About the shiny leaf issue. I’ve been studying species in botanical gardens for a couple of years, and I see little correlation between leaf surface and blackspot. I hasten to add I haven’t studied species in the mid-Atlantic states where the pressure is the highest. I have seen large species collections in France, the Netherlands, California and Massachusetts. Leaf surface does not seem to relate to disease resistance. At the Arnold Arboretum, many of the shiny-surfaced California species suffered from a variety of fungal diseases, while in their native habitat, most are quite happy. I did see some evidence of earlier defoliation (bare lower canes on some species) but very little actual blackspot.

I’m slowly uploading shots to HMF, trying to confirm identities with botanical descriptions as I go. It’s a slow process.

George, I also send you my best wishes. And thank you for pointing out the ADR trials.

Cass, I also believe that being awarded with an ADR certificate doesn’t mean the rose will be resistant in the US automatically too. However, since I am located in The Netherlands I’m very happy to use those ADR roses. Many are doing very well in my garden, though not all are as bullet proof as I would like them to be. And they should be tried out in the US and Canada. Maybe some of them also do well there. I already read quite some favourable reports on GardenWeb about the new Kordes roses.


Hello Rob,

Thank you for your best wishes.

Since you are in the Netherlands, there is a nursery in Holland which is carrying a number of my roses since 2005/6.

The man to contact is Hans van Hage.
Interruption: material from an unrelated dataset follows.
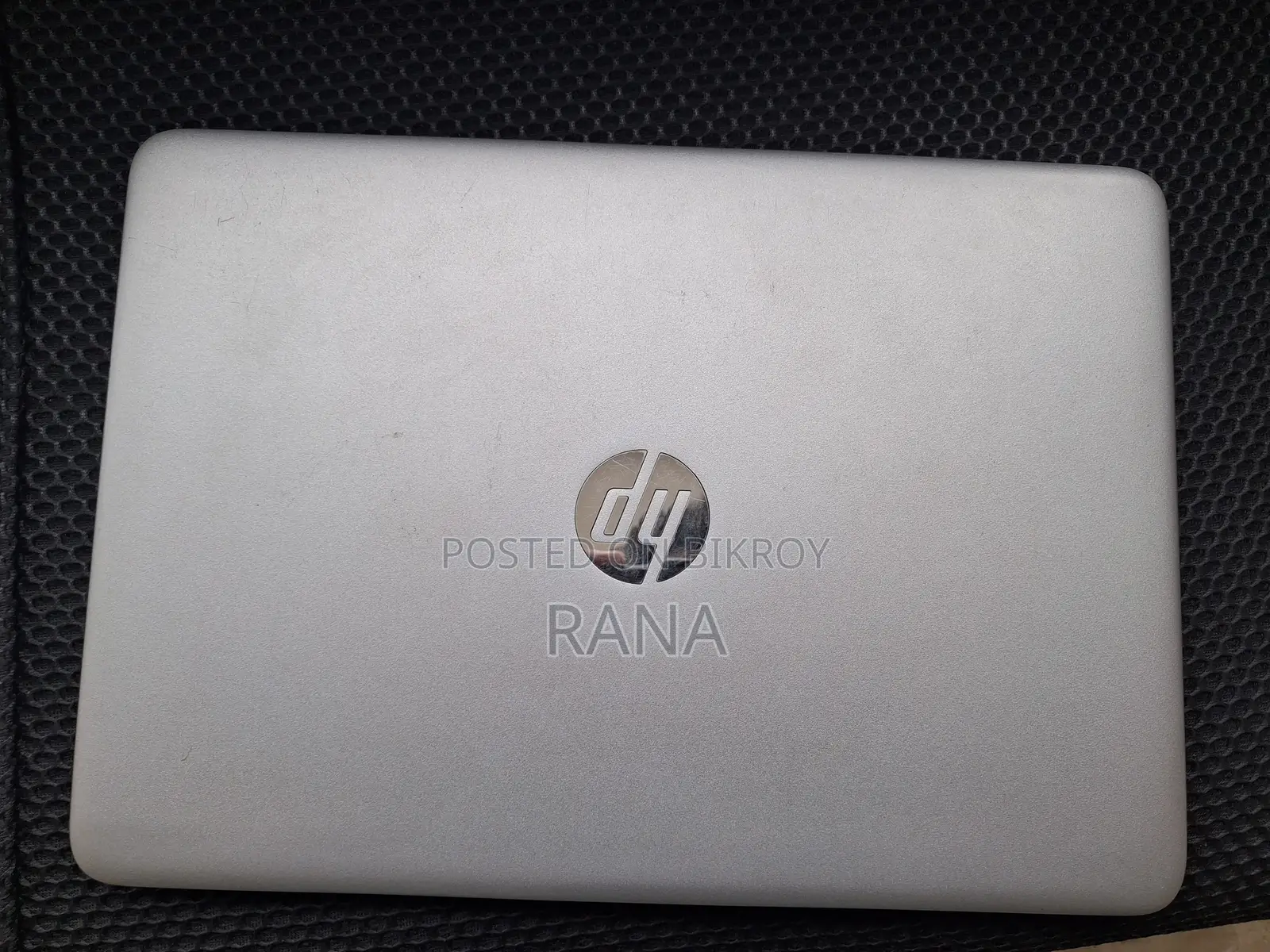 Laptop HP EliteBook 840 G3 8 GB Intel Core i7 HDD+SSD 6T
Link below

and here the name and address of them :

Rozenkwekerij de Bierkreek

Zevenhofstedenstraat 9

4515 RK IJzendijke

You can also go to my listing at HMF and click on : “Buy from” to see which of my varieties they carry.

Link to HMF is on my Gallery page.




Arboretum or Botanical Gardens rose species (and some other plants as well) problem is that in the wild most grow apart with other plants mixed in between in a climate they had millenaries to adjust to.

Not growing close together with other species some being out of place. With a bad environment or neighbourhood the best at resistance will be desease ridden.

Even in the original nature environment there are exceptional occasions that go past plant adaptations.

Plant domestication first step is selecting for resistance to monoculture induced deseases. Something that was not done for our roses. On the contrary being grown by rich people there was an exciting challenge at growing exotic beauties with still more investments: greenhouses, understocks and still more chemicals.

A tendency that is broken… as Germany attitude spreads over all Europe as well as in your country as shown by Flower Carpet and Knock Out sales.

Pierre, I agree with you. A species that looks poor in the monoculture of a botanical garden is worth noting, just as a species that looks outstanding is worth noting. The Arnold Arboretum is not a small city garden. It is a large park of 265 acres (107 hectares). Species roses are isolated in a large park of Rosaceaces, so the monoculture is not only Genus specific but Family specific. The space is large enough to allow suckering roses to create and maintain thickets. The effect is impressive and informative. It is the best such collections can offer, apart from integrating Rosa everywhere.

I visit a smaller specialized botanical garden where the roses are integrated within the larger collection. That 61 acre/25 hectares garden is on a hillside. As expected, the health of the species roses is generally excellent - - except for disease-prone species in that environment. The difficulty with the integrated approach is that study is an athletic event. Four hours at the integrated botanic garden allows me to study and photograph about 25 roses on a good day. I was able to view and photograph 100 roses in an afternoon at the Arnold. If I had to find roses in a treasure hunt of 265 acres, I would still be there, searching.